ダムの底に沈んだ村。そこで暮らしていた祖母や母。都は21歳。適応障害から引きこもりになり2ヶ月。1年間の予定だったイタリア留学から撤退して自宅に戻ってきた。恋人の住む長野の村が台風の大雨によって被災した。林檎園も壊滅して、自宅も水に浸かってしまう。都は彼の安否が気になって駆けつける。12日間。彼女は彼の自宅の片付けを手伝って過ごす。
元旦の能登地震から3日経ち、今日からは正月休みを終えて日常に戻る人もいる。能登ではまだ、復興に向けて安否確認や捜索、復旧作業が始まったばかりだろう。
この小説をたまたま今朝から読み始めた。こんな内容だとはまるで知らないまま読み出した。新しい年の幕開けにふさわしい、なんていう気はないけど、夢中になってページを繰っていた。彼女の個人的な問題と目の前の台風の被害、さらには過去のダム建設計画。これは都がそこで何があったのかを知るまでの物語。ここまでが第1章。

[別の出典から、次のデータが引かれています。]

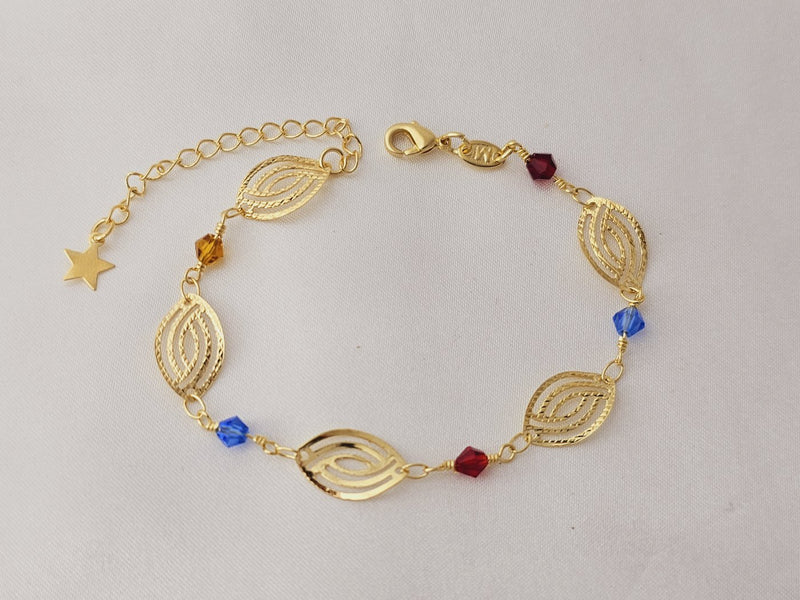 Pulseira com geométrico oval vazado e pedras sintéticas coloridas, banhada a ouro, 22cm com extensor, estrela na ponta.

次は都の母の話になる。彼女がなぜ村を捨てたのか。彼女の人生はなんだったのか。60歳の定年を迎え仕事だけにすべてを捧げてきた人生に区切りをつける時、彼女は何を思ったのかが描かれる。なんだか切ない。
そして最後は祖母の話だ。ダムの底に沈んだ村での日々が丹念に綴られていく。実はこの3章がこのお話の中心を担う。祖母の少女時代が鮮やかに描かれる。ここには何があったのか。あの桃源郷が今はダム湖の底に沈んでしまったこと。そこに至るまでのドラマが丁寧に描かれていく。最後までダム建設に反対して死んでしまう祖父。都のルーツが描かれていく。少し話が辛すぎるし、あまりに重いからこの第3章は読んでいてしんどかったけど、読み終えた後満足する。こんな歴史を経て今がある。おばあちゃん、おかあさん、そして今の彼女。ダム湖を見守る都の姿を捉えてこの長編小説は幕を閉じる。
遡り描かれる3世代のドラマは一部が重なりながら、それぞれの想いがしっかり伝わる力作である。